Philip Davies is MP for Shipley.
Watching newly-elected MPs make their maiden speeches in the House of Commons always makes me think back to the one I made in the House of Commons shortly after I was first elected at the 2005 General Election.
Maiden speeches give new MPs the chance to set their stall out regarding what they wish to achieve in their time in Parliament and I was determined to do just that. In my maiden speech, in June 2005, I said “I want…..a country that has a sovereign Parliament, not one run by a corrupt and inefficient institution called the European Union, which we subsidise to the tune of billions of pounds a year”.
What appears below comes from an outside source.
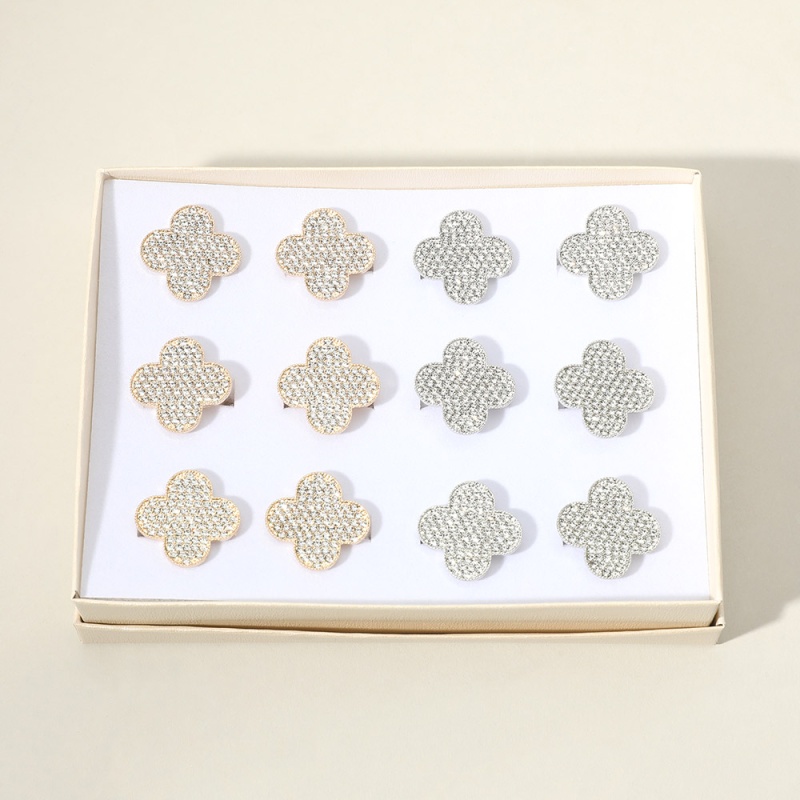 12Pcs - Stone Paved Quatrefoil Adjustable Rings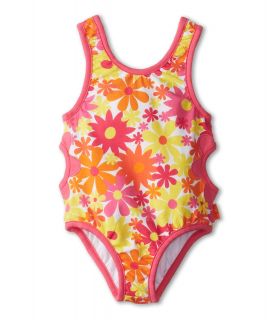 le top Awesome Blossom Swimsuit with Side Cutout Flowers Girls Swimsuits One Piece (Pink)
Despite the then Chief Whip, David Maclean, making it clear to me that I must not persist in speaking publicly to leave the EU, I accepted an invitation from The Freedom Association to speak at their fringe meeting at the 2005 Conservative Party conference on why we should leave.
The fact that the Yorkshire Post reported me at that meeting as the first MP to publicly say explicitly that we should leave the EU shows how out of touch the House of Commons had become on the issue. There were many MPs who would say we needed to get powers back from the EU, but none were prepared to say we should leave altogether. As with so many issues, the voters were way ahead of the politicians.
Following the success of the fringe meeting, and determined to keep the momentum going, The Freedom Association – superbly led by Simon Richards and Mark Wallace (now of this parish) – and I decided to launch the Better Off Out campaign in April 2006.
In the meantime, David Cameron had become Leader of the Conservative Party. I had supported David Davis, but during the contest I had asked David Cameron if he would allow MPs from the back benches to campaign to leave the EU. He had agreed, and in doing so gave the green light for (albeit unambitious) MPs to come out of the woodwork on this issue. This was more significant than has hitherto been reported.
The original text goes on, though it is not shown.